Big companies won't fix their bugs

Can't? Won't? Tomato, tomato.

Aug 28, 2019

Hi. Can here. Today we talk about buggy software.

The Bug That Got Us Here

We started The Margins as a podcast around two years ago when Ranjan and I first met. Yet, as soon we recorded our second episode, I was unable to upload it on Apple’s Podcasts directory. The website simply didn’t let me login. I filed a support ticket, which got me nowhere. I asked friends who work over at Cupertino to fast-track it, and they casually ignored my requests. It took almost a month of back-and-forth with more than a handful of people to get it fixed. In the meantime, life happened, and I left New York. Our podcast project took a hiatus.

I was tempted to tweet, as I often do when I am frustrated. “Wow”, it would go. “Apple is a trillion dollar company yet it cannot get its podcasts page right”. It’d feel great, as I collected all the internet points. Then, I remembered that I am an adult who has better things to do. I instead tweeted a joke about venture capitalists, before asking one to refer to his portfolio company for a job.

The rant-cum-joke format is familiar. You see it often. On its face, it’s a good question. Why are things always broken? Why do huge tech companies not seem to be able to fix minor issues? Don’t they have all the resources in the world? There are thousands of engineers working there! What do they all do all day?

There are three main issues. First is, at any tech firm, a significant amount of work is simply wasted. Second, behind the scenes at any tech product, there’s a lot more than meets the eye. And third, and most importantly, things are always broken in one way or another, and that’s expected. It might even be fine.

I’ve been there. Let me tell you why this stuff happens.

Technical Bureaucracy

Let’s talk about wasted effort. One big culprit is the technological red tape that you need to wade through. At a big enough firm, you simply do not check in a piece of code and see it go into “production”, as code that serves users is generally called.

Getting code out in the wild in a big company is less doing it live, but more completing the 12 Labors of Hercules. Instead of satisfying capricious gods with arbitrary quests, you appease fellow engineers in code reviews. There are no monsters to slay, but there are style guidelines to abide by, and build systems to turn green and privacy reviews to pass (if you are lucky). Your resolve gets tested often and violently.

More hearts have been broken over the wrong type of delimiter in a logging script than you’d think, people really get hot and bothered about this stuff. I once received an email from my manager titled “I would prefer that you didn't submit this” and thought I was being fired. Turns out it was a templated message for a change request on my code submission. That was a minor nuisance then and is just a funny story to tell now. But any engineer worth his or her salt will have a few stories of code review skirmishes. It’s rite of passage.

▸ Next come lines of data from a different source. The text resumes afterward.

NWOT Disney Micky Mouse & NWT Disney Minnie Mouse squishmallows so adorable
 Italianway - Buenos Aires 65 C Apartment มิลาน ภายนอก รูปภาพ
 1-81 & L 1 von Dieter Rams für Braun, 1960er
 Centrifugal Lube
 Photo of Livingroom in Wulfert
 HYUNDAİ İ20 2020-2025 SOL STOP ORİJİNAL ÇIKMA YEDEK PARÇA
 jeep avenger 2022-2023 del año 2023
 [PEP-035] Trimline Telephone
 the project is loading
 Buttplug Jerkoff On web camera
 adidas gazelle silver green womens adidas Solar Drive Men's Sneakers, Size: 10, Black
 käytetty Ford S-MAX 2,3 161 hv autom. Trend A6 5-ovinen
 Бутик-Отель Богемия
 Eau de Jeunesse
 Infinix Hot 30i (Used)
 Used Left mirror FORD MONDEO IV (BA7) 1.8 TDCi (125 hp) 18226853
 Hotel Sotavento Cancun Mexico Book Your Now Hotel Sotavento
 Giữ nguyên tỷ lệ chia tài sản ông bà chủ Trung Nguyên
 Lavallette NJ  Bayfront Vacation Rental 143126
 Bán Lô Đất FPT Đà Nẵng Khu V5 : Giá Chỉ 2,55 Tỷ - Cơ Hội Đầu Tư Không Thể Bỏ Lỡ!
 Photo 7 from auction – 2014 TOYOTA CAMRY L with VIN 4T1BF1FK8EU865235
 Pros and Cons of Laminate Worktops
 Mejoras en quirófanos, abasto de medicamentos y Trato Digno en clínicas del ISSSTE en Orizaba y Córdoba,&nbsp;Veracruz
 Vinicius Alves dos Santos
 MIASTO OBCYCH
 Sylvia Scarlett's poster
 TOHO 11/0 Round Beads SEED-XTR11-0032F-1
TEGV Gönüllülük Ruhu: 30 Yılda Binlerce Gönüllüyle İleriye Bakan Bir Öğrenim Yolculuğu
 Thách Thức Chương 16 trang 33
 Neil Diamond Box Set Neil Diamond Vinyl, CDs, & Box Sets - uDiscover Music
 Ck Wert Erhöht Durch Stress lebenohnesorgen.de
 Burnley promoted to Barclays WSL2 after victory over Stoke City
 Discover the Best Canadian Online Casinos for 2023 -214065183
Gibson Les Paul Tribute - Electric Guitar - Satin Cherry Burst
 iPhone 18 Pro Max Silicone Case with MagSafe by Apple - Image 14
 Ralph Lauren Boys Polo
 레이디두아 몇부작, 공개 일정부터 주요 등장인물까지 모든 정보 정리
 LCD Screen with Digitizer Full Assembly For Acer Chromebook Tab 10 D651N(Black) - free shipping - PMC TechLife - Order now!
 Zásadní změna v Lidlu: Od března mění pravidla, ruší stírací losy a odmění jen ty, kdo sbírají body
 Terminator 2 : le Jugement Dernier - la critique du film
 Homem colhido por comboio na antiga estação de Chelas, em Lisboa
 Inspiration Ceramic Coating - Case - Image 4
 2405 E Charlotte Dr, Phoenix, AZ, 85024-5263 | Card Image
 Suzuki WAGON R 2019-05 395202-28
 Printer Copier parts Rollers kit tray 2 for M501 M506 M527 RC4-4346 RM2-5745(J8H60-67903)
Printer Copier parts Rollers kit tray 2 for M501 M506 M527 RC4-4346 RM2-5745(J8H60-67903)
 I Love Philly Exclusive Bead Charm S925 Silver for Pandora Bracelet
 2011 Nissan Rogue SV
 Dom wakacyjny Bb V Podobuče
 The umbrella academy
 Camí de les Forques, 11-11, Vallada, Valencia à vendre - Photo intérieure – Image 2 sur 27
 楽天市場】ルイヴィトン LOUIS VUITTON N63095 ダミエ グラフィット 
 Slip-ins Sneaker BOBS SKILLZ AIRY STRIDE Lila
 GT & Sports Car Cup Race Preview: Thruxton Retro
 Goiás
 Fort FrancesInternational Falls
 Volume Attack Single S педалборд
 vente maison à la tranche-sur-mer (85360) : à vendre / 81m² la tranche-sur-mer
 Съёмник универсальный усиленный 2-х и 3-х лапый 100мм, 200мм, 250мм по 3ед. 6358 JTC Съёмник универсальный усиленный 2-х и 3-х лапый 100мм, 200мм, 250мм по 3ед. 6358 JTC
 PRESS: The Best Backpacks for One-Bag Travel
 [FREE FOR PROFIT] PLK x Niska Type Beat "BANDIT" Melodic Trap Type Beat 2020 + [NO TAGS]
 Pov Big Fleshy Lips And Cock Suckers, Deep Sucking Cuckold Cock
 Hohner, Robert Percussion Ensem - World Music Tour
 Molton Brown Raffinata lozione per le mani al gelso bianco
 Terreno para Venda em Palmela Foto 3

Of course, none of those systems are individually bad, nor do they exist to slow people down. Ideally, they are there to ensure some modicum of quality and ensure multiple people can code, both simultaneously and in long term, on a shared code base.

Sometimes however, they are just bandages hiding battle scars from a previous outages, yet no one took them off. Unfortunately but equally likely, those various compliance and regulatory systems exist to worship a cargo cult whose teachings come in the form of authoritative blog posts. Even if they keep things running and ensure momentum in the long run, they create considerable friction in the short run and add to the immediate cost. Order does not come cheap.

Duplicated Effort

A more insidious form of wasted effort, however, comes in the form of duplication of effort. Join any sizable tech company, and you’ll see there are 5 different teams doing the same thing in 10 different ways. A common hazing ritual is asking a new hire to go through the wikis to figure out which storage system they should use for his or her first project. My friend once told me that there are always two types of internal systems at Google: One that is in beta and doesn’t have the features you want yet, and another that is deprecated and you shouldn’t be using anymore. Whichever you choose, you lose.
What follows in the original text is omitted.